*** Provided material
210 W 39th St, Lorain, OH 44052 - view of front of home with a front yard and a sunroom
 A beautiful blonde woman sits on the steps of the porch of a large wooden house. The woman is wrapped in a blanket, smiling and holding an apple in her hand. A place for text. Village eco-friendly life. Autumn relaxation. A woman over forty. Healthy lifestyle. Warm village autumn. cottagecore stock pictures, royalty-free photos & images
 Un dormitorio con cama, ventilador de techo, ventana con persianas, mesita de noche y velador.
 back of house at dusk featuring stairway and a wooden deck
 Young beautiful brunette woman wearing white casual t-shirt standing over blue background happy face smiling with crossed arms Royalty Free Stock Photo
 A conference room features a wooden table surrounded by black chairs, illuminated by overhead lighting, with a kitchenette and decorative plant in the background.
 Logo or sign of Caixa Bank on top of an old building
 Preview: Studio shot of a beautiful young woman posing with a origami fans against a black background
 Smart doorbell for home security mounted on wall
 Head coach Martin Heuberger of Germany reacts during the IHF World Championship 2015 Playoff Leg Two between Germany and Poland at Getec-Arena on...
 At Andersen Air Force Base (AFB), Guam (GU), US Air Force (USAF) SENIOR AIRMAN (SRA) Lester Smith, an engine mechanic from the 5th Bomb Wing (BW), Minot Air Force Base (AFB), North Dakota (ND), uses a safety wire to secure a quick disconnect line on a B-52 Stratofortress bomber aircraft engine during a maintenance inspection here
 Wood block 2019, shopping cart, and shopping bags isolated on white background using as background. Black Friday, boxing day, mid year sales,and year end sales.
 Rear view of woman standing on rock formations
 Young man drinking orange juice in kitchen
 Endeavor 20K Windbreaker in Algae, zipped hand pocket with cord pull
******
Work task
Repeat the lines from the first one in the records through the line containing "A beautiful blonde", exactly as written, and nothing else.

Response to the task
210 W 39th St, Lorain, OH 44052 - view of front of home with a front yard and a sunroom
 A beautiful blonde woman sits on the steps of the porch of a large wooden house. The woman is wrapped in a blanket, smiling and holding an apple in her hand. A place for text. Village eco-friendly life. Autumn relaxation. A woman over forty. Healthy lifestyle. Warm village autumn. cottagecore stock pictures, royalty-free photos & images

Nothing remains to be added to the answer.